About this exercise: Use the entries below and reproduce exactly the lines from the one containing "LE SUIT Polyester" down to the one containing "Papaya Juniors Sleeveless", both of them included.

Records for this exercise:
==*==

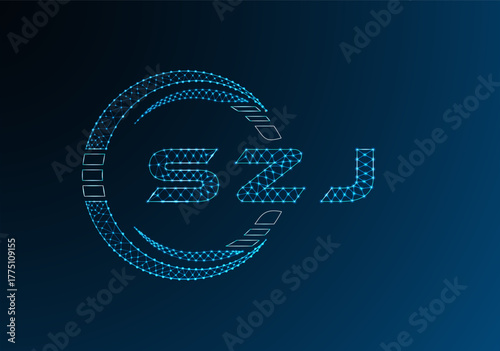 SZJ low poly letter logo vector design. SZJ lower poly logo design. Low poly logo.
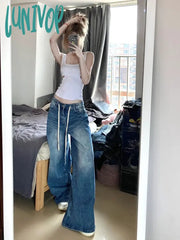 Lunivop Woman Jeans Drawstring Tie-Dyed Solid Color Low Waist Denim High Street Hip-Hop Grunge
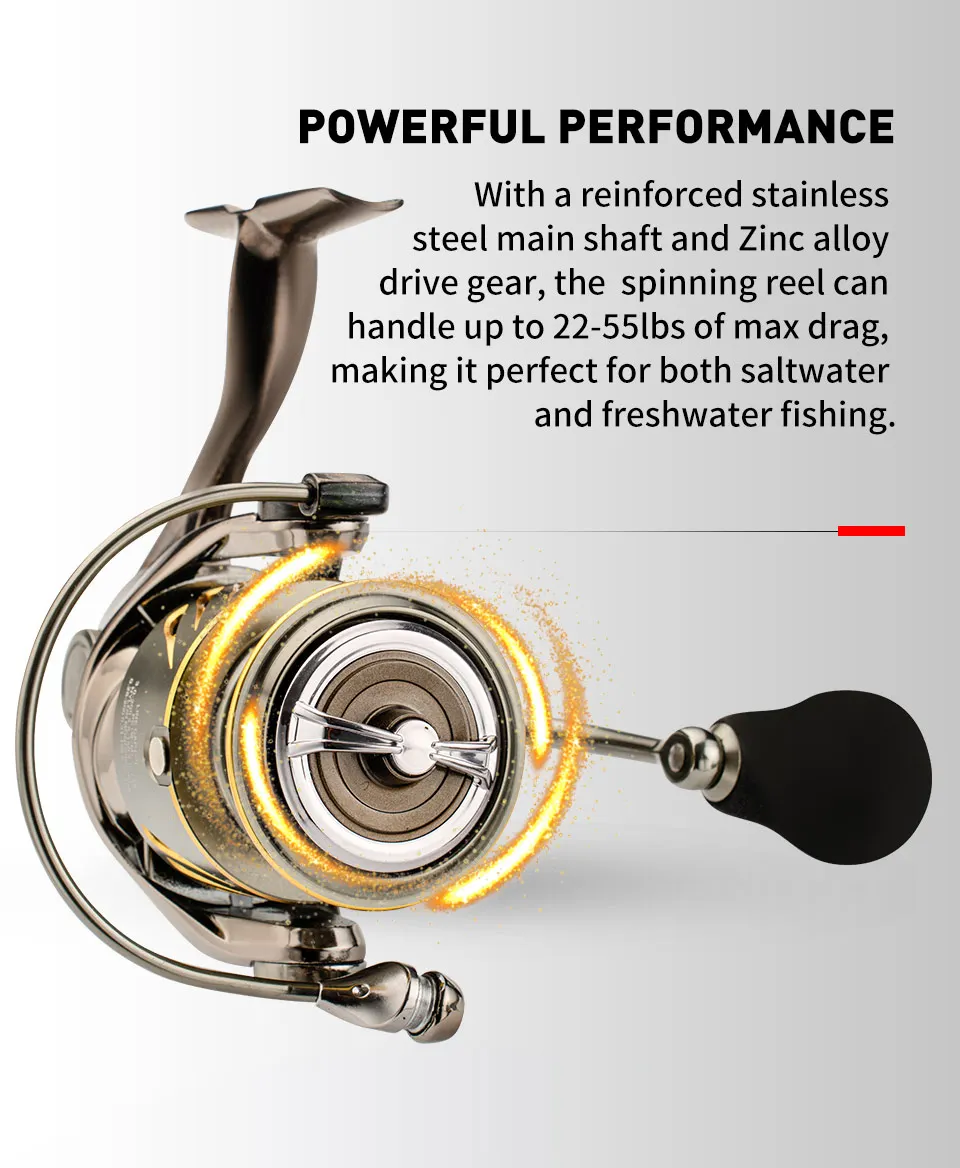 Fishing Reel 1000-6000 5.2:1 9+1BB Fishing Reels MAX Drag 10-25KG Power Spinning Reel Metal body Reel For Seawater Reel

==*==

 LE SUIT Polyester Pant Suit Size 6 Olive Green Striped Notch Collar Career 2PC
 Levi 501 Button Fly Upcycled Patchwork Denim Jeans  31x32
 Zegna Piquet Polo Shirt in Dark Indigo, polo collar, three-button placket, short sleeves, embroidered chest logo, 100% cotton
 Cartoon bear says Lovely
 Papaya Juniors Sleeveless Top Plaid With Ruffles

==*==

Exercise solution:
 LE SUIT Polyester Pant Suit Size 6 Olive Green Striped Notch Collar Career 2PC
 Levi 501 Button Fly Upcycled Patchwork Denim Jeans  31x32
 Zegna Piquet Polo Shirt in Dark Indigo, polo collar, three-button placket, short sleeves, embroidered chest logo, 100% cotton
 Cartoon bear says Lovely
 Papaya Juniors Sleeveless Top Plaid With Ruffles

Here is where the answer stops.